Assaults on democracy

There are at least two fundamental requirements for a functioning democracy. In various ways, in recent years, we have seen political parties in Australia attempting to subvert and limit these requirements. This is an assault on democracy itself. It may not be deliberate – political parties, like business entities, will work within the constraints of the law to achieve their ends, and loopholes and aggressive tactics are a part of the game. But dress it up how you may, attempting to coerce the workings of parliament and the electoral choices of a population is anti-democratic even if done within the limitations of the laws of that democracy.

In the business sphere, there is an overarching structure to act as a check and balance. The courts, and above them the legislature, ensure that eventually businesses that exploit loopholes to the detriment of the community can be brought back into line. Through the testing of legislation in the courts, through the drafting of new laws and regulations, there are means to help ensure that the system is fluid and no entities can subvert the intention of the regulations to which all businesses are subject.

Politics has no such overarching structure. The limits on politics are the various parties themselves – where one party oversteps the bounds, the only bodies that can pull them up on it are other political parties. Some of the time this works. And sometimes it does not.

Given untrammelled power – for instance, control of both houses of Parliament – a government can adjust the goalposts in such a way as to benefit their own interests and continued dominance. When the cycle turns, as eventually it must, an incoming government is then able to either take advantage of the changes the previous government has wrought, or to reverse the changes and implement their own.

The Australian constitution holds various aspects of our democracy sacrosanct and to change these requires a referendum. The basic mechanics of elections and parties and the existence of two houses are not in danger.
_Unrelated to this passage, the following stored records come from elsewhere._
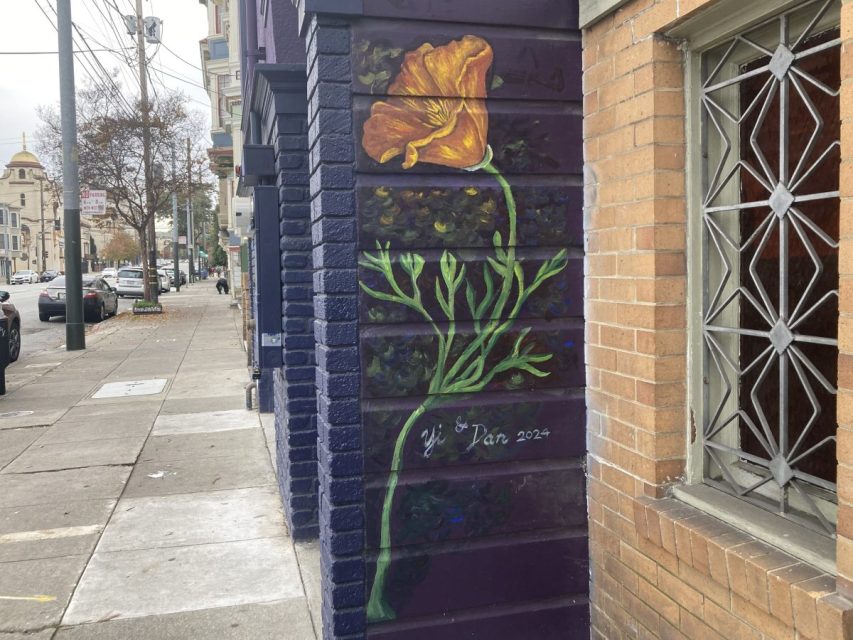 A mural of a large orange-yellow flower with green stem and leaves is painted on a purple brick wall on a city sidewalk. The mural is signed "Jan 2024.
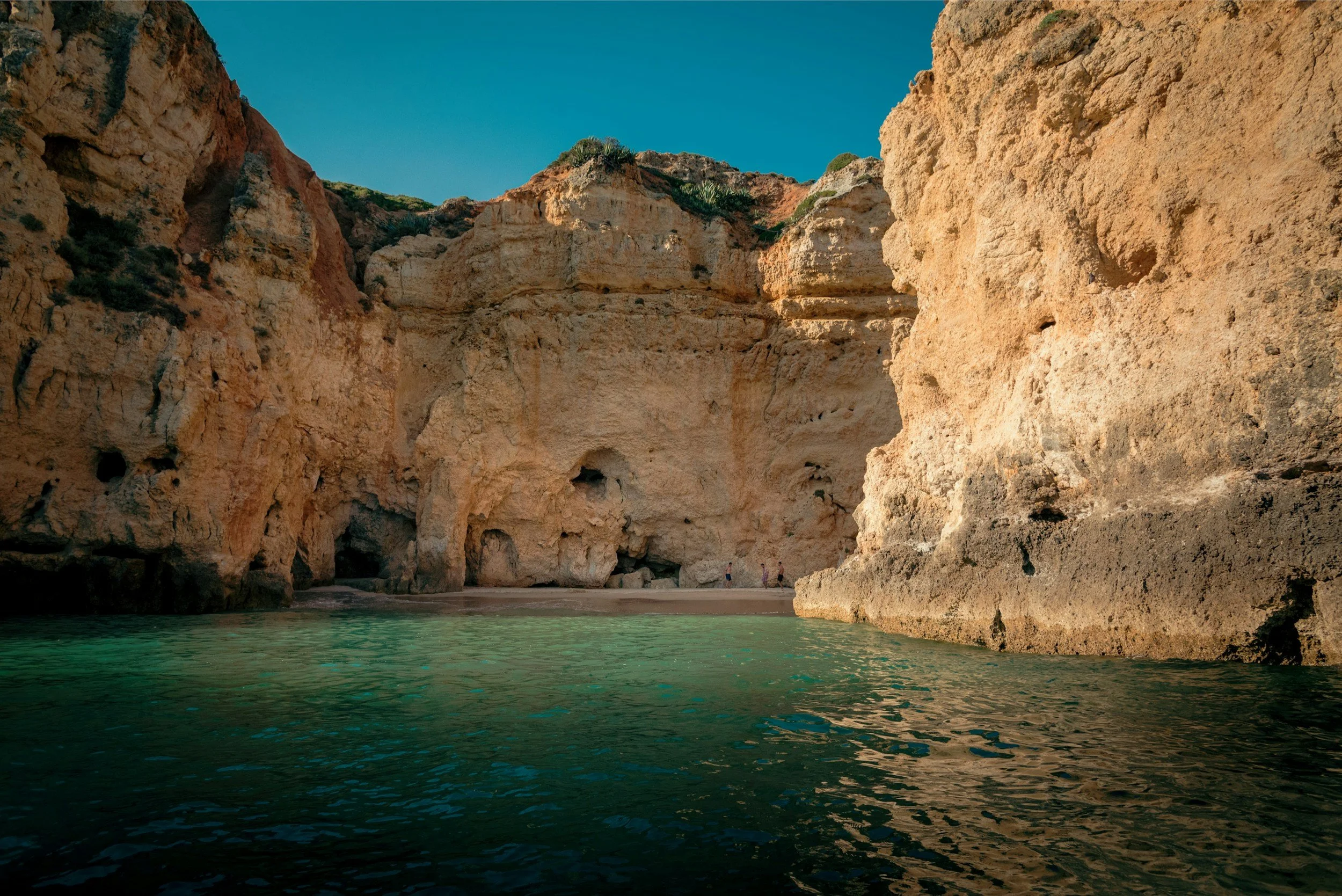 A scenic coastal landscape with large beige and reddish-orange cliffs rising from the turquoise water, and a small beach at the base with a few people standing near the shoreline under a clear blue sky.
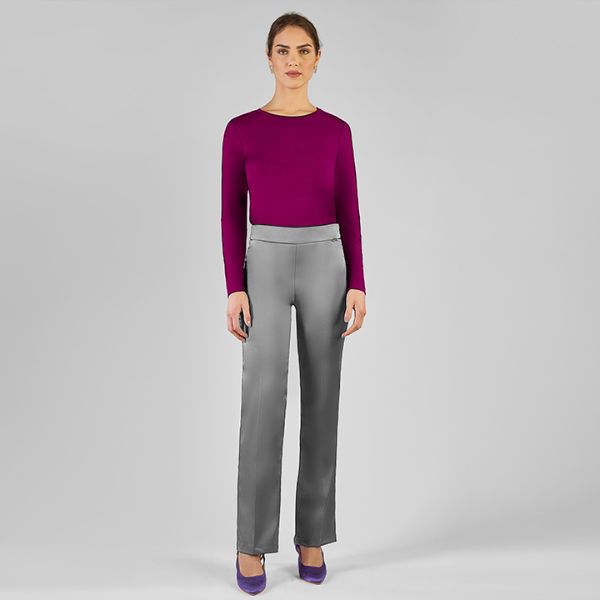 A full-length shot of a woman with dark hair pulled back, wearing a magenta long-sleeved top, shiny grey trousers, and purple high-heeled shoes, standing against a plain light grey background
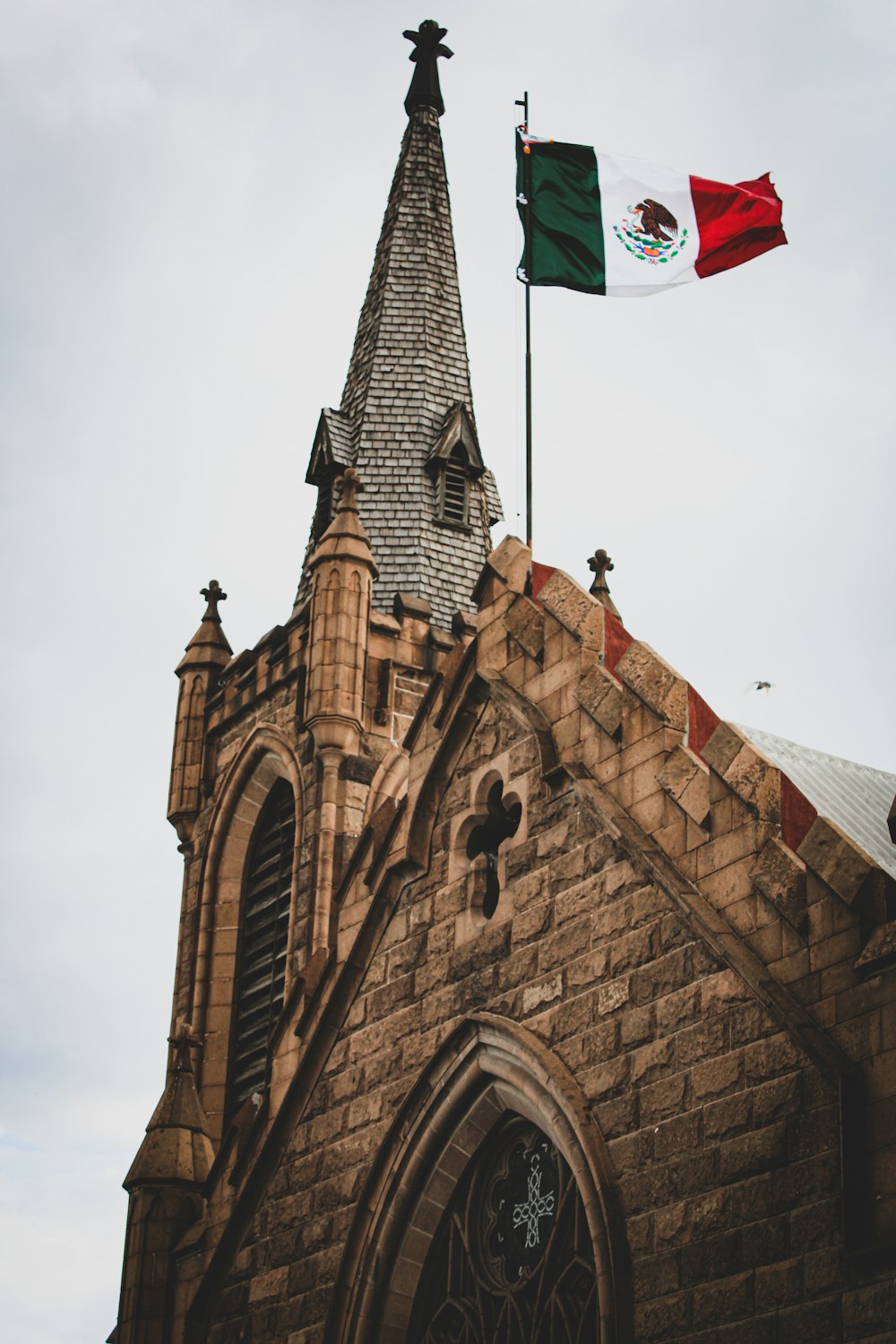 two flags flying in front of an old church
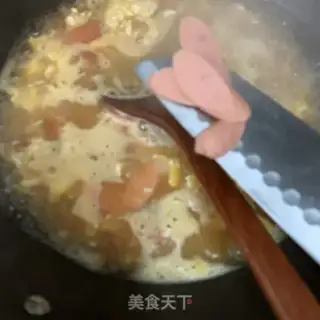 Make Tomato egg and ham noodles step 8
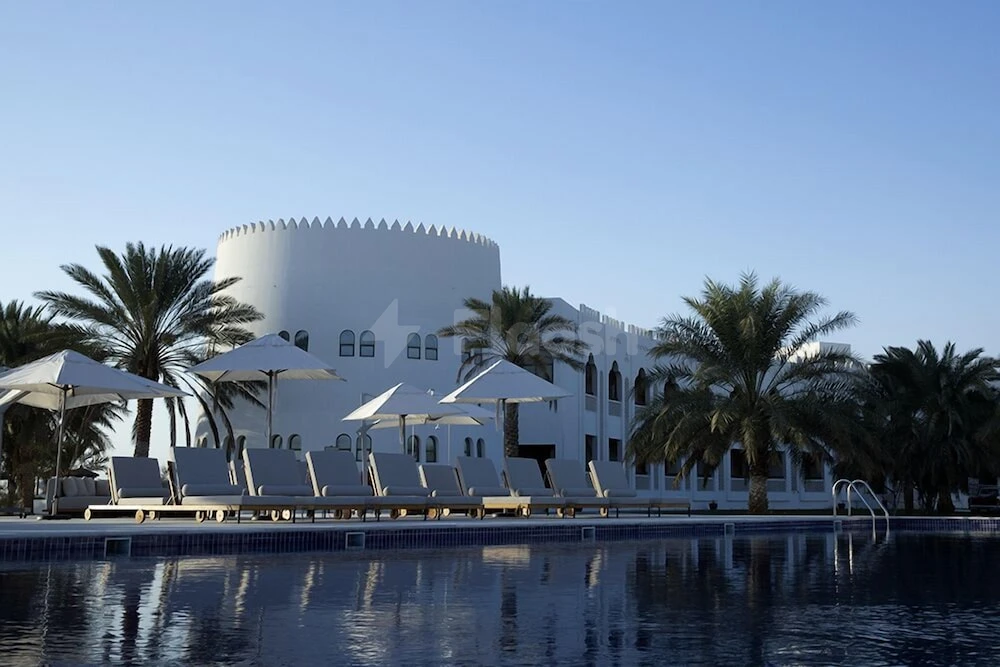 Poolside lounge area at Liwa Hotel, Abu Dhabi, with white umbrellas and palm trees lining the edge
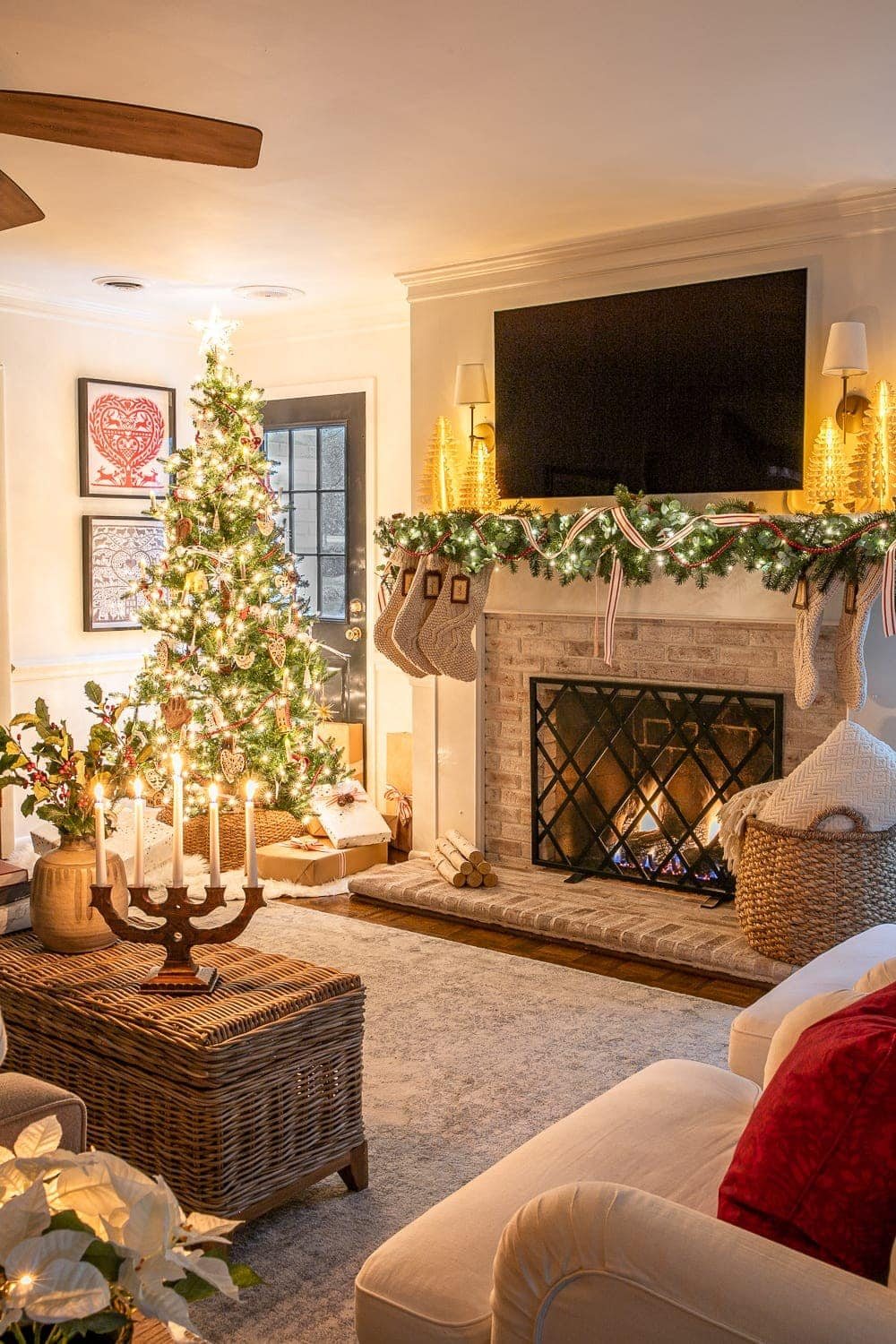 Christmas living room at night with fireplace and tree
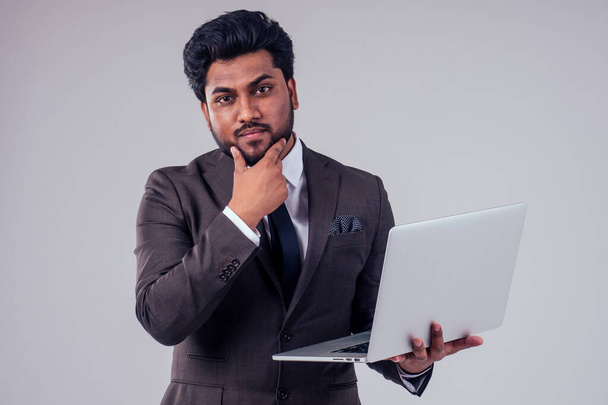 Portrait of bearded Indian male holds a laptop at studio on white background - Фото, изображение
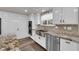 Charming kitchen features white cabinets, stainless steel appliances, and beautiful countertops at 2901 S Dandelion St, Pahrump, NV 89048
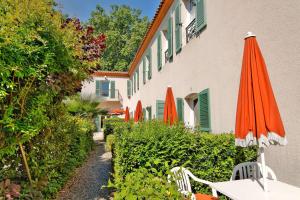 pomarańczowy parasol siedzący obok budynku w obiekcie Best Western L'Orangerie w mieście Nîmes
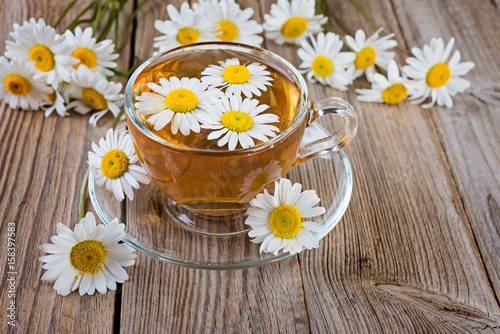 cup of camomile tea and  camomile flowers on wooden background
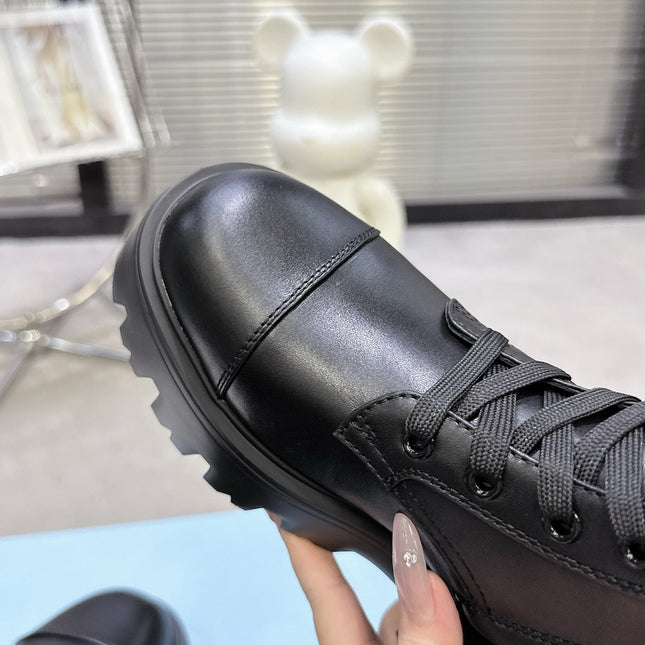 PRADA 25S WARRIOR BOOTS IN BLACK CALFSKIN
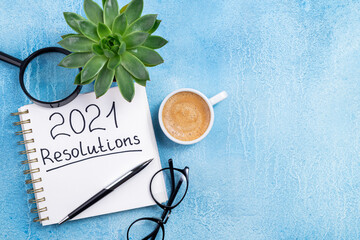 New year resolutions 2021 on desk. 2021 goals with notebook, coffee cup and eyeglasses on blue...
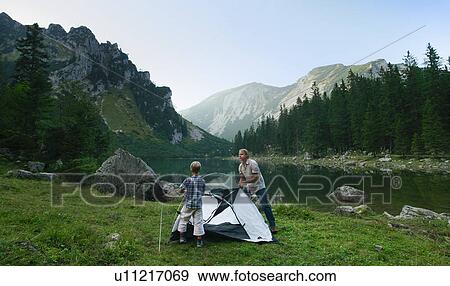 Stock Photo - Father and son pitching tent together. Fotosearch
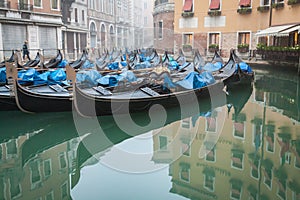 Sleeping Gondolas in Venice with reflection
There are plenty of other ways that a political party can act to extend its own hegemony, and any number of ways that the intent of a democracy can be subverted by the details.

Basic requirements for a healthy democracy include the following.

1. A free press

Or more accurately, even and impartial coverage and analysis of the issues. Fundamentally, Australian democracy is about vision. In a hundred policy areas each government has to balance the requirements of the community and the best interests of the country. In order to effectively judge the promised approach of a candidate government to each of these areas, in order to accurately evaluate the needs of Australia’s present and future, clear and informative reporting is needed.

In Australia, the media environment is skewed. Various reports have pointed to the obvious bias in the large majority of Australia’s news media. Against this bias, only the minority Fairfax and the public broadcaster ABC attempt a more balanced view. Readers of this blog will understand that “more balanced”, to the conservatives, reads as “rabid pinko”. A detailed analysis of the relative bias of the ABC vs News Ltd is outside of the scope of this article. What is not, is that the Coalition is currently openly discussing curtailing the ABC’s power to operate in the news arena.

“He said there was a compelling case to consider breaking the ABC into two entities with the traditional television and radio operations protected to ensure services in the bush and regional Australia, while the online news service could be disposed of.” http://www.smh.com.au/federal-politics/political-news/turnbull-defends-abc-but-colleagues-want-to-preach-it-a-lesson-20131203-2yotw.html#ixzz2mS3lekiz

Of course, the Abbott government has form in the area of suppressing balanced information from the populace. In just a short three months in office, they have disbanded information bodies, restricted the information flow out of government, suppressed information on the grounds of “operational matters” despite said information being available to those not unfortunate enough to live in Australia, and continued the active dissemination of misinformation, half-truths and blatant untruths.

2. Robust representation in the Parliament

In a representative democracy, not every member of Parliament is going to belong to or be sympathetic to the government. Those members and senators elected to represent the opposition and independent parties – even those who do not represent a party at all – are not there to warm chairs. They are not elected to become a part of the government machine and uncritically support any intentions of the government of the day. Instead, they are there to be a dissenting voice, and hopefully through negotiation in the interests of the people they represent, to improve proposed legislation through amendments. The operation of the Parliament and Senate in this regard is a deliberate structure to ensure that all new law is viewed through the lens of more than one stakeholder; to ensure that legislation that benefits one group does not act unfairly to the detriment of others.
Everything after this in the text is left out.